In the middle of the funnel, the user considers which products match their needs. They may be comparing features, benefits and pricing. This may involve fact-finding sales calls, reading industry research, google searches for similar products, attending a webinar, reading white papers, and maybe even consulting with a third party expert.
For the purchase stage or bottom of the funnel, a user might talk to a sales rep, review contracts and discuss onboarding.
List all the ways customers interact with your brand, product or people at each of these stages. Remember, these engagement touch points are not mutually exclusive to each stage. A google search can be made in all of these stages, else a sales call might only be in awareness and consideration stages.
Once you have identified your customer personas, their goals, and listed the touch points per stage, it’s now time to map out the customer journey for your top personas. This is a great exercise to ideate and iterate with your marketing team while using sticky notes. Once you finalize the sticky notes, then you can create a flow chart.
Under each stage (awareness, consideration, purchase, retention and advocacy), create a row for goals and touch points. Identify the goals for each persona and the touch points they use to reach that goal for each stage. If you have three main customer personas, you will have three customer journey maps.
One mistake we see is mapping the customer journey but not testing it. The results of this process should be considered a new hypothesis to test, while you uncover baseline benchmarks associated with each value proposition. Open rates, click-through rates, and conversion rates all fall within this purview.

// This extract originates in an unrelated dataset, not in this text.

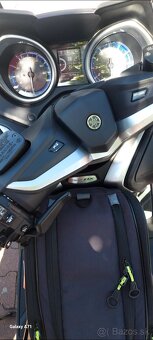 Yamaha T-Max 530 DX - 12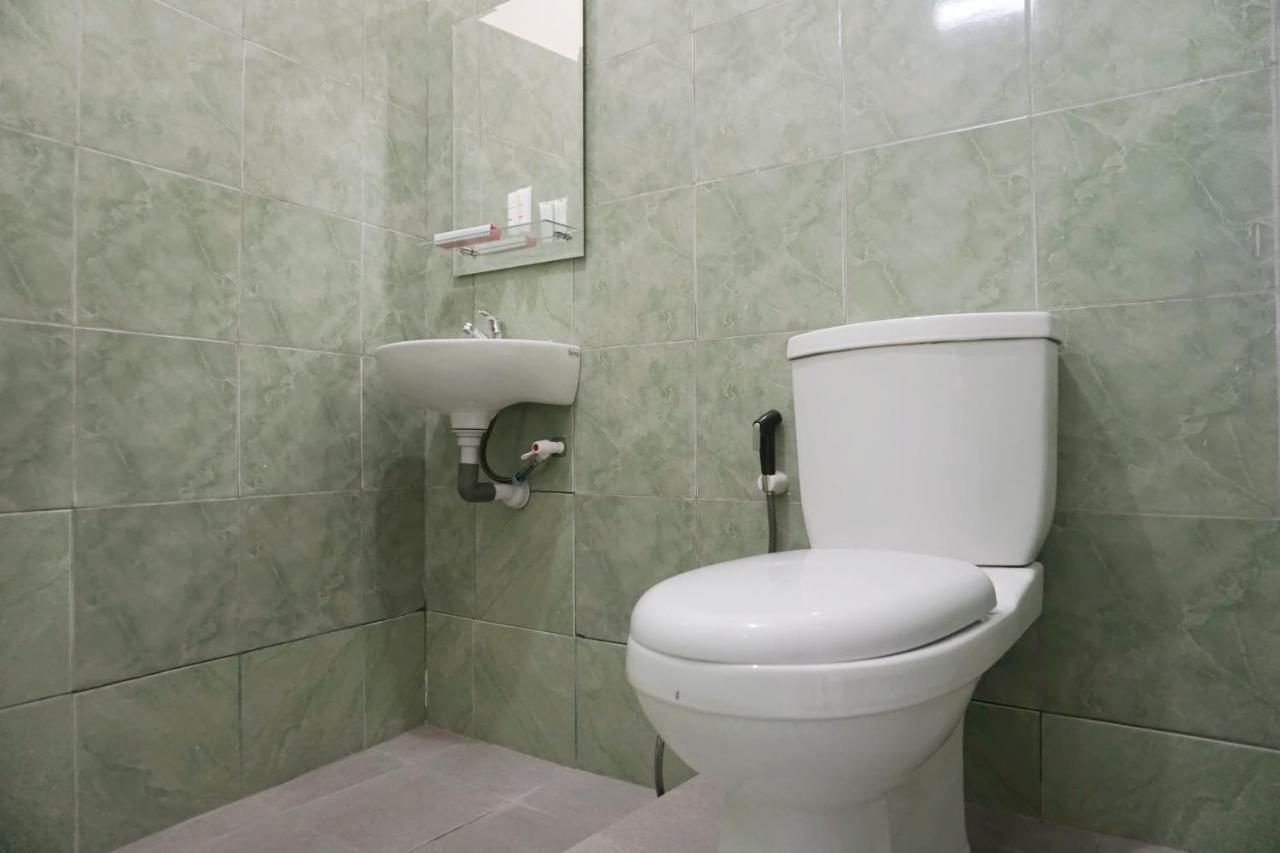 Oyo 1394 Rumaisa Homestay Syariah Pekanbaru Extérieur photo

It’s now time to implement the customer journey as a customer to make sure your messaging and branding reflects the goal of each stage — and works. Sometimes links are broken and emails are not active. Test and refine to make sure all touch points in the journey convey your brand, overcome purchase decision roadblocks and move your customer to the next stage. And remember, rarely is this journey linear. Plan for back and forth movement and stalled behavior, and look to understand common problems or sources of friction in the user journey.
Every part of this process is iterative and intended to become the benchmark to beat. Product market fit isn’t constant: you don’t find it and then retain it by doing the same thing for years. Adapt to changing use cases, market landscapes, and customer priorities by talking with users, surveying them, and adding in-product analytics to indicate common behaviors that could be leading indicators of highly engaged or at-risk customers.
A little bit of expertise can be worse than none at all, because it tends to drive decisions based on anecdotal evidence or small sample sizes. Even if you started a company and developed your flagship product to solve a problem that you had at the time, you are no longer the expert in it by the time you’ve been out of the field for a couple of years. But your sales, support and other customer-facing teams are. Bring them into board meetings, audit their calls: you’ll uncover integral patterns and opportunities that your competitors miss.